1 Functions
Audio-Visual Scene Description (OSD-AVS) provides standard descriptors of an Audio-Visual Scene.
Receives | Audio Object |
Visual Objects | |
Creates | Audio-Visual or Visual Scene Descriptors if there is only one Visual or Audio-Visual Object, respectively, and no Scene Geometry. |
Produces | Audio-Visual Scene Descriptors |
2 Reference Architecture
The Reference Architecture is depicted in Figure 1.
Figure 1 – The Audio-Visual Scene Description AIM
3 I/O Data
Table 1 specifies the Input and Output Data of the Visual Scene Description AIM. Links are to the Data Type specifications.

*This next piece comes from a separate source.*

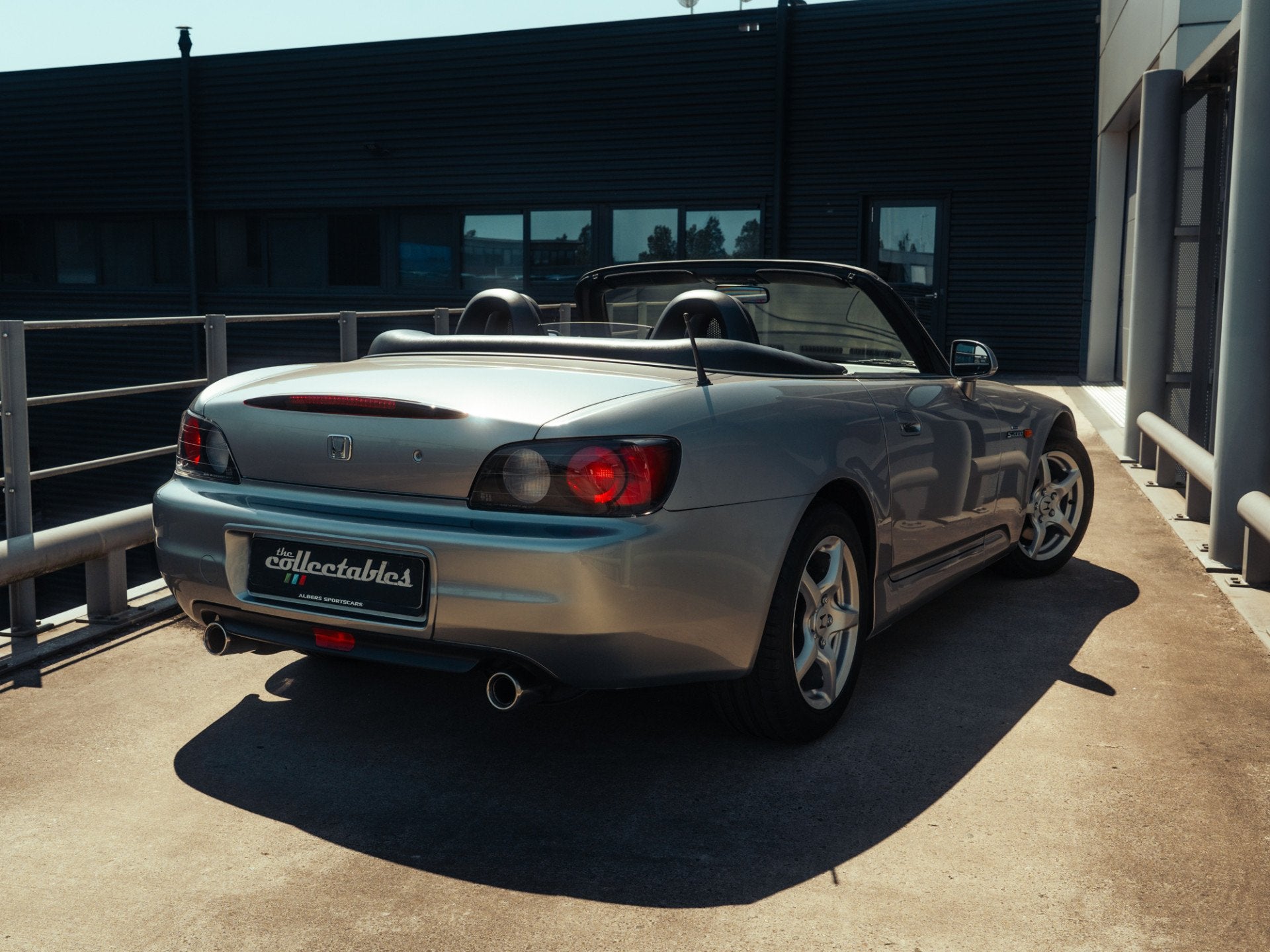 Honda S2000 2.0i slechts 8.400km in nieuwstaat (bj 2001), Auto's, Zwart, Cabriolet, Bedrijf, Handgeschakeld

Table 1 – I/O Data of the Visual Scene Description AIM
Input | Description |
Audio Objects | Audio Objects. |
Visual Objects | Visual Objects. |
Output | Description |
Audio-Visual Scene Descriptors | The Audio-Visual Descriptors of the Scene. |
4 SubAIMs
Audio Scene Description (CAE-ASD) is a Composite AIM with the structure is depicted in Figure 2.

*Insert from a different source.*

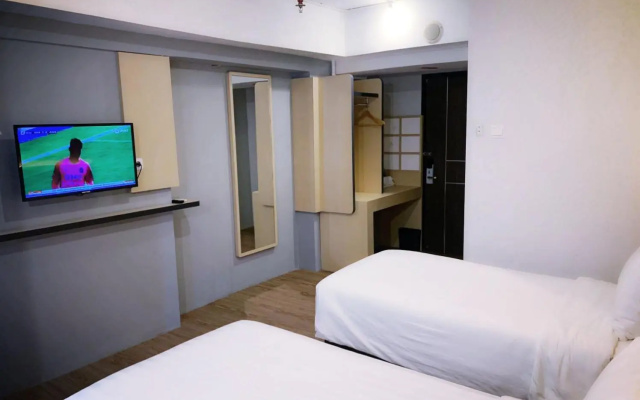 Nemuru Stay BTC – Guest Rooms – Bekasi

Figure 2 – The Audio-Visual Scene Description (OSD-AVS) Composite AIM
Table 2 provides the links to the specifications of the OSD-AVS Basic AIMs.

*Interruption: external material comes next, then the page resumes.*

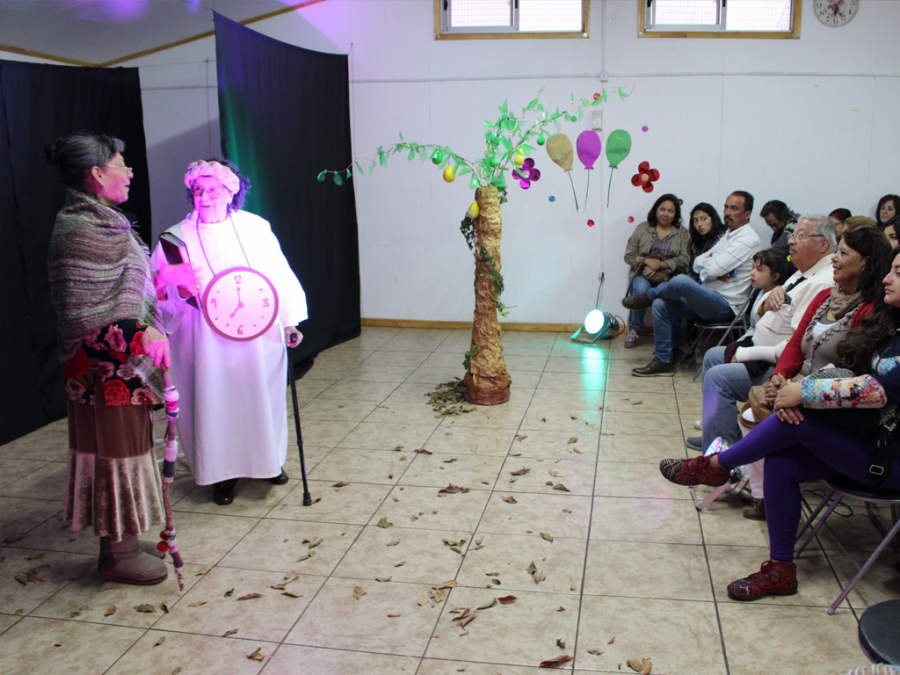 Adultos mayores celebran participación en talleres municipales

Table 2 – BASIC AIMs of the Audio-Visual Scene Description (OSD-AVS) Composite AIM
AIMs | Names | |
CAE-ASD | Audio Scene Description | |
CAE-AAT | Audio Analysis Transform | |
CAE-ASL | Audio Source Localisation | |
CAE-ASE | Audio Separation and Enhancement | |
CAE-AST | Audio Synthesis Transform | |
CAE-AMX | Audio Descriptors Multiplexing | |
OSD-VSD | Visual Scene Description | |
OSD-AVA | Audio-Visual Alignment |
5 JSON Metadata
https://schemas.mpai.community/OSD/V1.1/AIMs/AudioVisualSceneDescription.json
6 Profiles
No Profiles.